Clement Attlee, at the time leader of the opposition, (by Private Notice) asked the Secretary of State for Foreign Affairs, Sir Anthony Eden, whether he could make any statement regarding the disturbances in Trieste. Police reports indicated that disorders were deliberately provoked and at least partly organized from outside Zone A, by people defined as "Irresponsible elements" who had evidently planned to exploit certain national Italian anniversaries in order to provoke incidents in Trieste. The demonstrations seemed to be aimed at causing a breakdown of law and order and the disruption of the local security forces. Italian sources however labeled the action as a, deliberate repression put into being by the Anglo-American Allied Military Government Authorities, to suppress the Italian sentiment of the local population, and obstruct the process of reunion of Trieste with the motherland. Her Majesty's Government took a grave view of these events, and sincerely deplored the loss of life, the injuries suffered and the destruction of property in Trieste. However, the sole responsibility for these tragic results was given to those extremist elements who deliberately provoked and organized these disorders. In note exchanging the British government made its views quite clear to the Italian Government and urged that they should do all in their power to curb those elements who have been responsible for provoking the disturbances in Trieste and the subsequent anti-allied demonstrations in Italy.

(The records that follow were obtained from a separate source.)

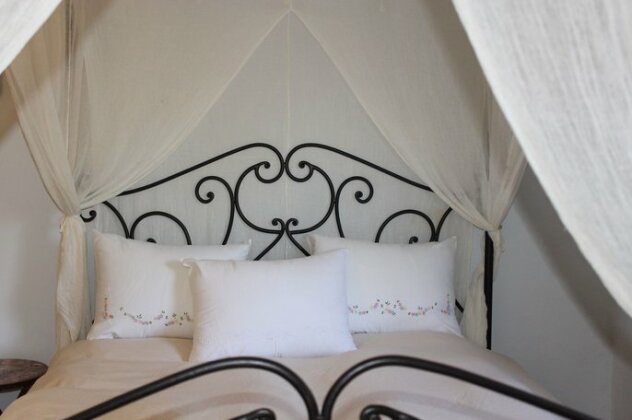 Katy's place - Photo3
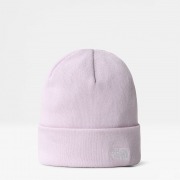 Шапка The North Face Norm Shallow Beanie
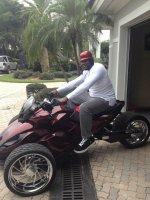 Shaq.jpg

== Assignment of provisional civil Administration of Trieste to Italy ==

Approximately at 10:00 hrs of October 26, 1954 the Venezia-Giulia Police Force Commissioner, Col. Gerald Richardson, handed over responsibilities to Lt. Col. Diamante the acting Chief Public Safety Officer nominated by the Italian authorities. The V.G.P.F. was placed under the authority of the Italian State Police Force, at the time a paramilitary branch of the Italian Security Forces, and renamed, "Gruppo Polizia Civile" or "Civil Police Group", retaining its uniforms and ranks. This was an unusual status, because the V.G. Police Force was conceived as a Civil Police Force, while Italy had a long tradition, still enduring, of National Police Forces with a Military Status. Deputy Supervisor, Santo Del Piccolo was appointed as Commanding Officer of the "Civil Police Group". The Force, continued to operate as semi-distinct branch of Service of the Italian State Police Force, until law number 1600 was passed on December 22, 1960. The law came into effect on July 18, 1961, definitively dissolving the V.G. Police Force. Its personnel was given the choice to join the Italian State Police Force, acquiring a Military status, join the City of Trieste Municipal Force, or entering into the state administration. Some of the V.G.P.F. Personnel, mostly those with English skills, took the chance offered by the Allied, to emigrate under a special program, in USA, Canada, Australia or United Kingdom.